Have you told us all your conclusions about Shakespeare's biography?

I’m afraid not. The main conclusions, yes, but not many others concerning specific details of the biographies of John, Mary, William and other family members. I have to keep a few secrets up my sleeve, so that someone might buy my Shakespeare book. Until this has been published, I shall keep these to myself and a few trusted associates who have already read early draft versions of some chapters, and have generously offered to read my final draft version.

When will this be finished?

When it is. This partially depends on how much more information I put on this web site in the near future.
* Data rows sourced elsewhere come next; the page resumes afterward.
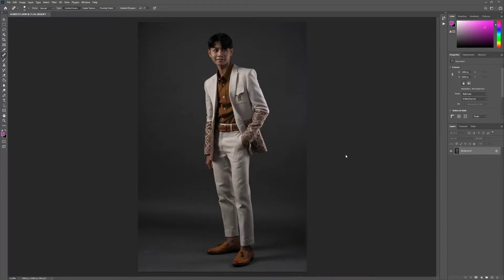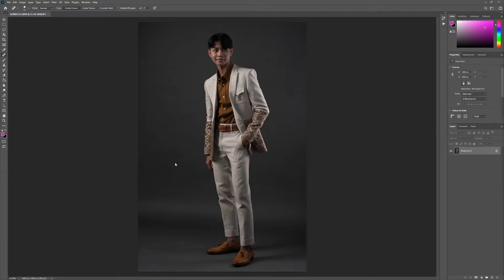Hi guys, we're back in another tutorial. Today I want to show you how we're going to make a clean background based on a studio shoot. As you can see, the background is not so smooth — we use seamless paper, but this paper is quite old so it gives a not-so-smooth texture.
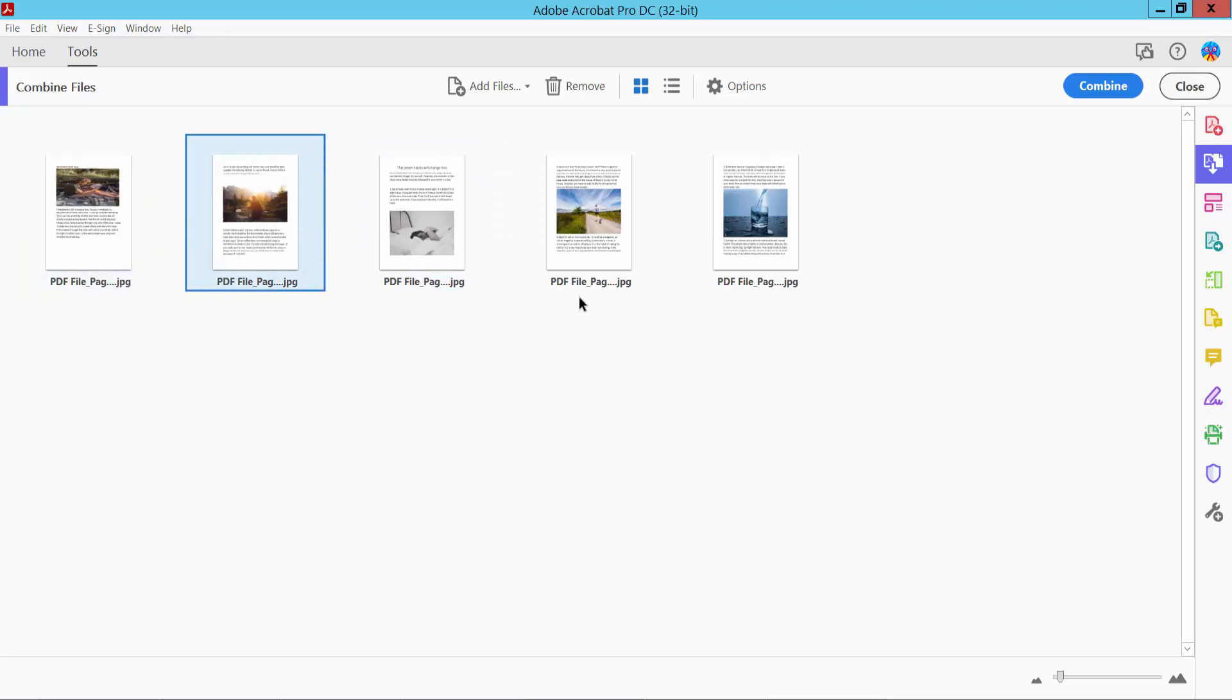You can also remove or add another file. Now click Combine.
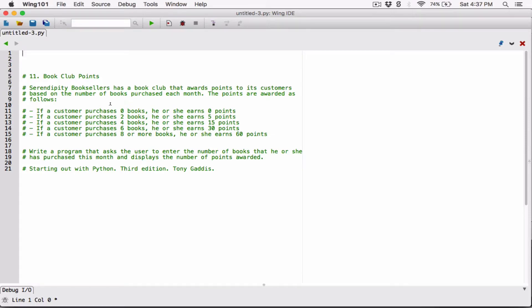Okay, hello everyone. So the next program in Chapter 3 is Book Club Points. Serendipity Booksellers has a book club that awards points to its customers based on the number of books purchased each month. The points are awarded as follows.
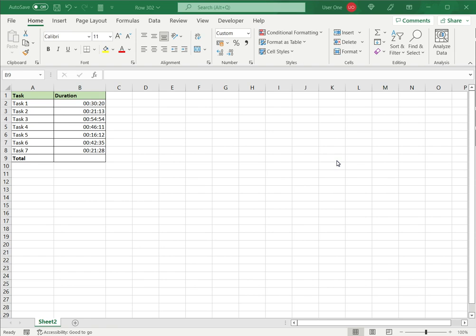In this example, I have a series of tasks and the duration taken for each task expressed in minutes and seconds.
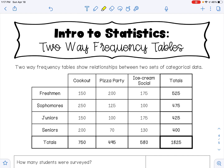Hello, today we're going to talk about two-way frequency tables. Two-way frequency tables show relationships between two sets of categorical data. Here we have a two-way frequency table where a set of students in a high school — freshmen, sophomores, juniors, and seniors — were asked what type of party they would prefer: a cookout, a pizza party, or an ice cream social.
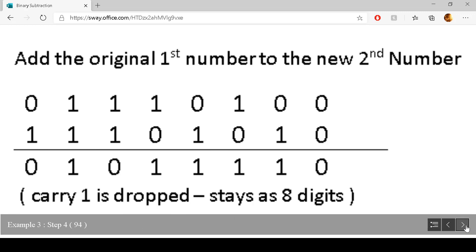The last step is to add the original first number to the new second number. Zero add zero is zero; one add zero is one; zero add one is one; one add zero is one; zero add one is one. One add one plus the carry one is one, carry one. Zero add one add the carry one is zero, carry one. The last carry one is dropped and we remain with eight digits.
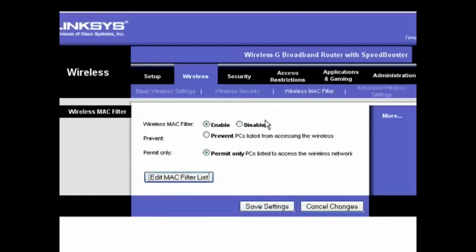So, this is how you can use the MAC address to further secure your wireless network. Keep in mind, once again, this is one part of a 10-part series on understanding your router. Be sure to check out all the parts!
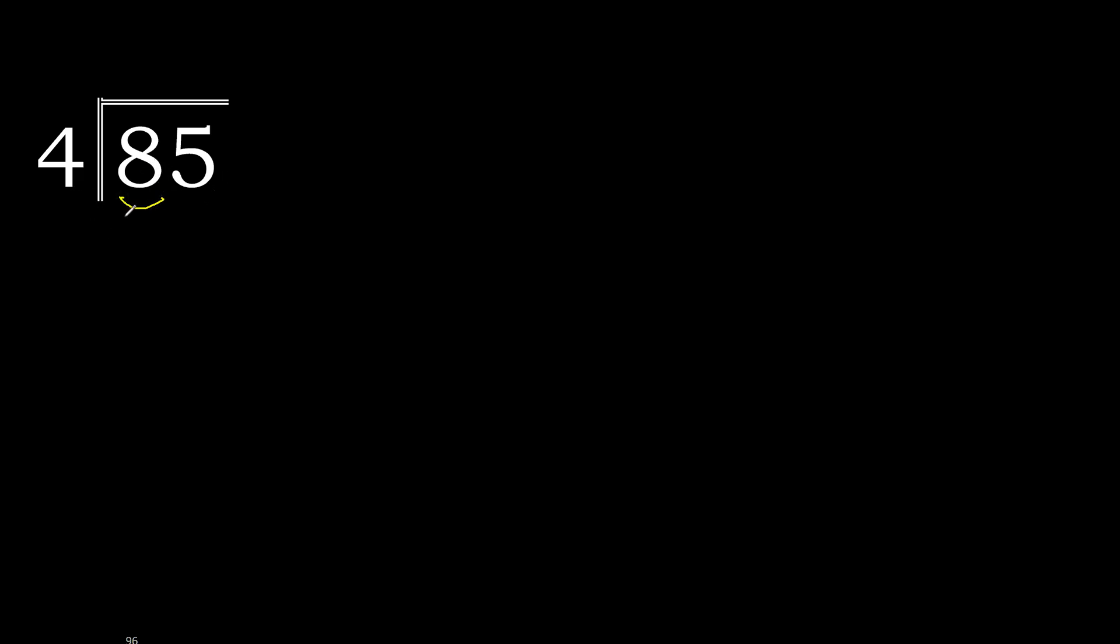85 divided by 4. 8 is not less, therefore with 8, 4 multiply by which number is nearest to 8 but not greater? 4 multiplied by 2 is 8. Perfect. 8 minus 8, 0. Next.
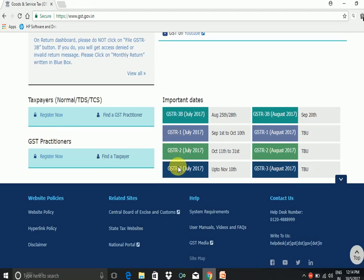GSTR 1, 2 and 3 for the month of July has been given and GSTR 3 for month of July is up to 10th of November as the last date. So after 10th of November, most probably the due dates for GSTR 1, 2 and 3 for month of August will be fixed.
Many mini-essays on relevant background areas and brief biographies of relevant individuals are already largely written, but completion of these and other related distractions will all postpone the final books.

[One main ‘distraction’ was all the research that produced ‘Shakespeare’s Stanley Epitaphs in Tong, Shropshire’, published 2013. The rest will follow asap, on this website or in further publications. HM 2013.]